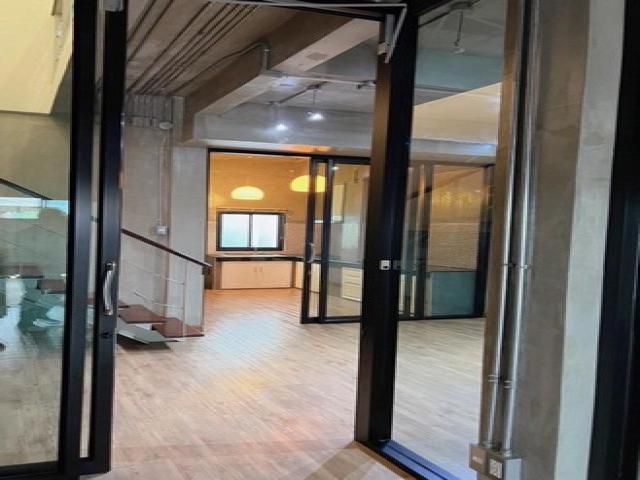 Town House for rent ให้เช่าทาวน์เฮ้าส์2ชั้นหมู่บ้านวิภาวดีวิลล่าย่านหอกาารค้า ห้วยขวาง วิภาวดี ใกล้ห้วยขวาง อารีย์ สามาร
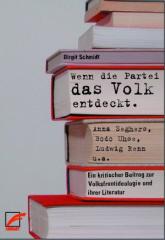 Zum Buch "Wenn die Partei das Volk entdeckt" von Birgit Schmidt für 21,00 € gehen.
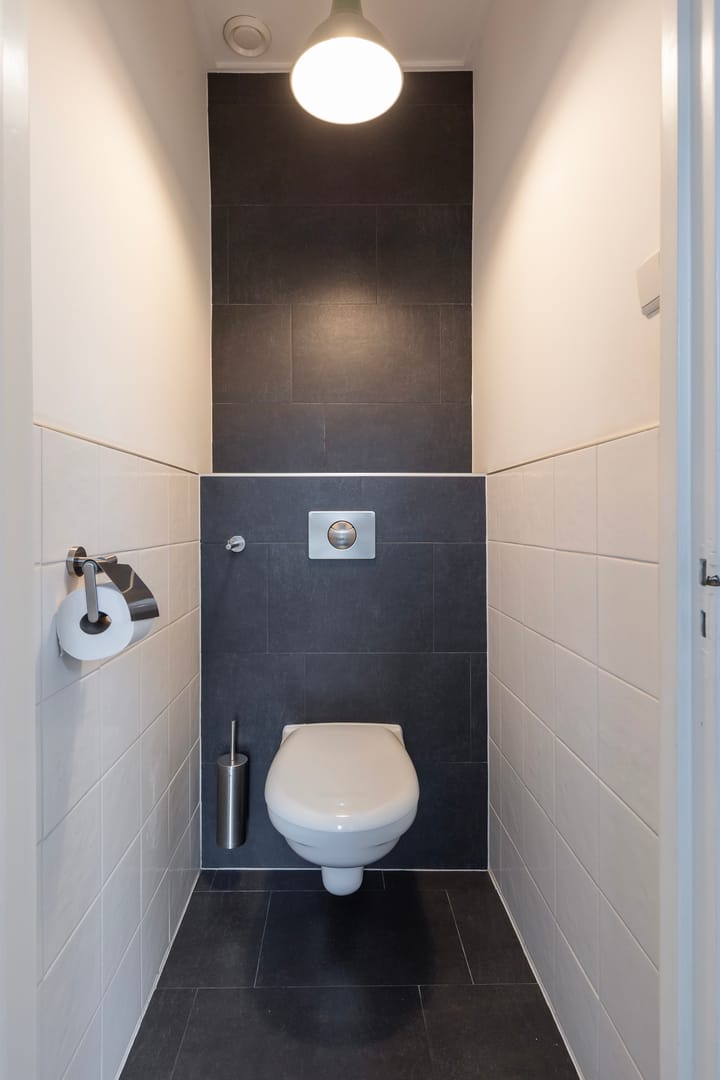 Foto 25 van Faunastraat 4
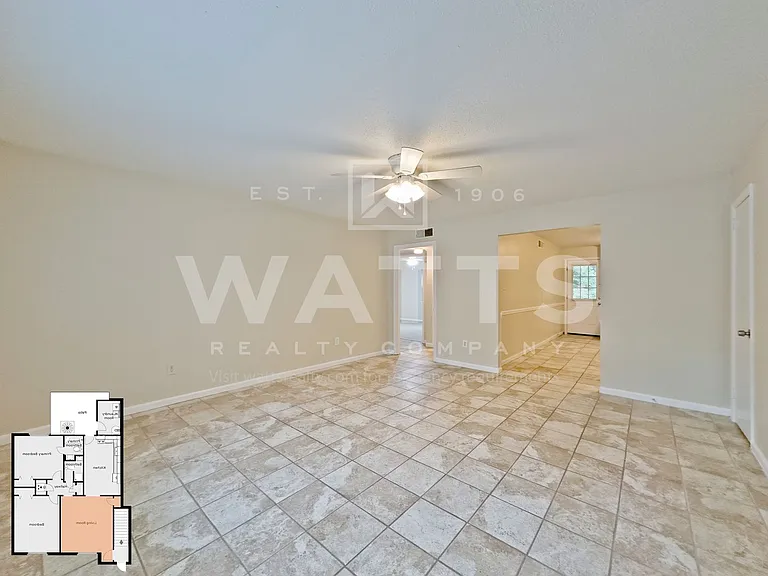 3229 Westbrook Dr #201 — Photo 1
.....
## What is being asked:
Write out an exact copy of the lines beginning at the line that contains "21,00 € gehen." and ending at the last line of the listing. Exclude pictures.

## Problem solution:
 Zum Buch "Wenn die Partei das Volk entdeckt" von Birgit Schmidt für 21,00 € gehen.
 Foto 25 van Faunastraat 4
 3229 Westbrook Dr #201 — Photo 1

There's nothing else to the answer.